On Sun, Jul 11, 2021 at 7:06 PM Yunsheng Lin <linyunsheng@huawei.com> wrote:
>
> On 2021/7/11 1:31, Alexander Duyck wrote:
> > On Sat, Jul 10, 2021 at 12:44 AM Yunsheng Lin <linyunsheng@huawei.com> wrote:
> > <snip>
> >> @@ -419,6 +471,20 @@ static __always_inline struct page *
> >>  __page_pool_put_page(struct page_pool *pool, struct page *page,
> >>                      unsigned int dma_sync_size, bool allow_direct)
> >>  {
> >> +       int bias = page_pool_get_pagecnt_bias(page);
> >> +
> >> +       /* Handle the elevated refcnt case first */
> >> +       if (bias) {
> >> +               /* It is not the last user yet */
> >> +               if (!page_pool_bias_page_recyclable(page, bias))
> >> +                       return NULL;
> >> +
> >> +               if (likely(!page_is_pfmemalloc(page)))
> >> +                       goto recyclable;
> >> +               else
> >> +                       goto unrecyclable;
> >> +       }
> >> +
> >
> > So this part is still broken. Anything that takes a reference to the
> > page and holds it while this is called will cause it to break. For
> > example with the recent fixes we put in place all it would take is a
> > skb_clone followed by pskb_expand_head and this starts leaking memory.
>
> Ok, it seems the fix is confilcting with the expectation this patch is
> based, which is "the last user will always call page_pool_put_full_page()
> in order to do the recycling or do the resource cleanup(dma unmaping..etc)
> and freeing.".
>
> As the user of the new skb after skb_clone() and pskb_expand_head() is
> not aware of that their frag page may still be in the page pool after
> the fix?

No it isn't the fix that is conflicting. It is the fundamental
assumption that is flawed.

We cannot guarantee that some other entity will not take a reference
on the page. In order for this to work you have to guarantee that no
other entity will use get_page/put_page on this page while you are
using it.

This is the reason why all the other implementations that do
pagecnt_bias always remove the leftover count once they are done with
the page. What was throwing me off before is that I was assuming you
were doing that somewhere and you weren't. Instead this patch
effectively turned the page count into a ticket lock of sorts and the
problem is this approach only works as long as no other entities can
take a reference on the page.

> >
> > One of the key bits in order for pagecnt_bias to work is that you have
> > to deduct the bias once there are no more parties using it. Otherwise
> > you leave the reference count artificially inflated and the page will
> > never be freed. It works fine for the single producer single consumer
> > case but once you introduce multiple consumers this is going to fall
> > apart.
>
> It seems we have diffferent understanding about consumer, I treat the
> above user of new skb after skb_clone() and pskb_expand_head() as the
> consumer of the page pool too, so that new skb should keep the recycle
> bit in order for that to happen.

The problem is updating pskb_expand_head to call
page_pool_return_skb_page still wouldn't resolve the issue. The
fundamental assumption is flawed that the thread holding the skb will
always be the last one to free the page.

> If the semantic is "the new user of a page should not be handled by page
> pool if page pool is not aware of the new user(the new user is added by
> calling page allocator API instead of calling the page pool API, like the
> skb_clone() and pskb_expand_head() above) ", I suppose I am ok with that
> semantic too as long as the above semantic is aligned with the people
> involved.

The bigger issue is that this use of the page_ref_count violates how
the page struct is meant to be used. The count is meant to be atomic
and capable of getting to 0. The fact that we are now leaving the bias
floating is going to introduce a number of issues.

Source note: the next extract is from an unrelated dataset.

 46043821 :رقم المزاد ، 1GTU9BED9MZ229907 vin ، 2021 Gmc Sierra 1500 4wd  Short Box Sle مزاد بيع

> Also, it seems _refcount and dma_addr in "struct page" is in the same cache
> line, which means there is already cache line bouncing already between _refcount
> and dma_addr updating, so it may makes senses to only use bias to indicate
> number of the page pool user for a page, instead of using "bias - page_ref_count",
> as the page_ref_count is not reliable if somebody is using the page allocator API
> directly.
>
> And the trick part seems to be how to make the bias atomic for allocating and
> freeing.

What we end up essentially needing to do is duplicate that
page_ref_count as a page_frag_count and just leave the original
page_ref_count at 1. If we do that and then just decrement that new
count instead it would allow us to defer the unmapping/recycling and
we just fall back into the original path when we finally hit 0.

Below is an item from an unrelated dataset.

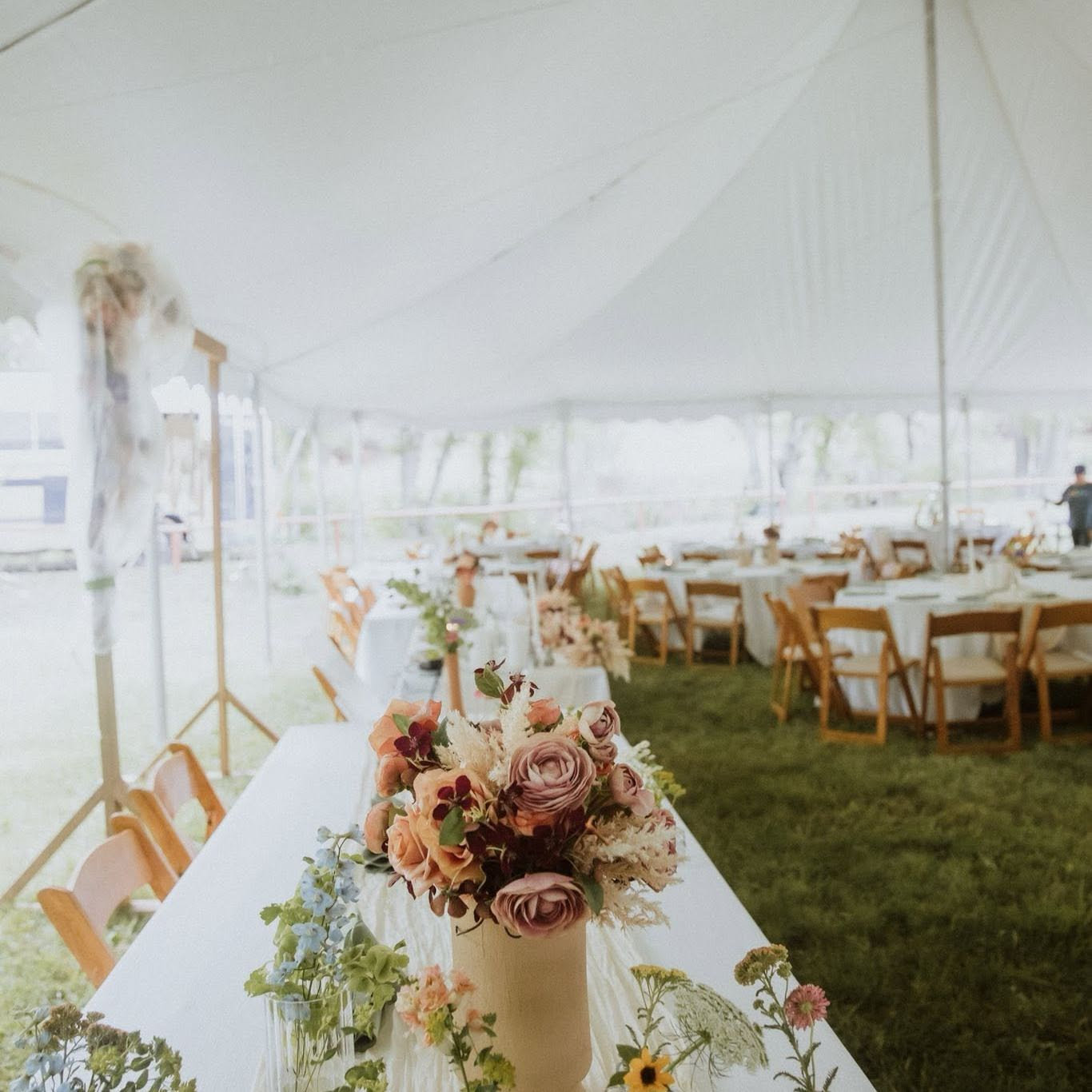 This was such a picture perfect moment... from seeing the show room in Denver, to watching the truck come up i25 towards Pecos to watching the wedding coordinator set up...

The only limitation then is the fact that we would be looking at
potentially 2 atomic operations in the worst case if we release the
page as you would need one to get the frag_count to 0, and then
another to decrement the ref_count. For the standard case that would
work about the same as what you already had though, as you were
already having to perform an atomic_dec_and_test on the page_ref_count
anyway.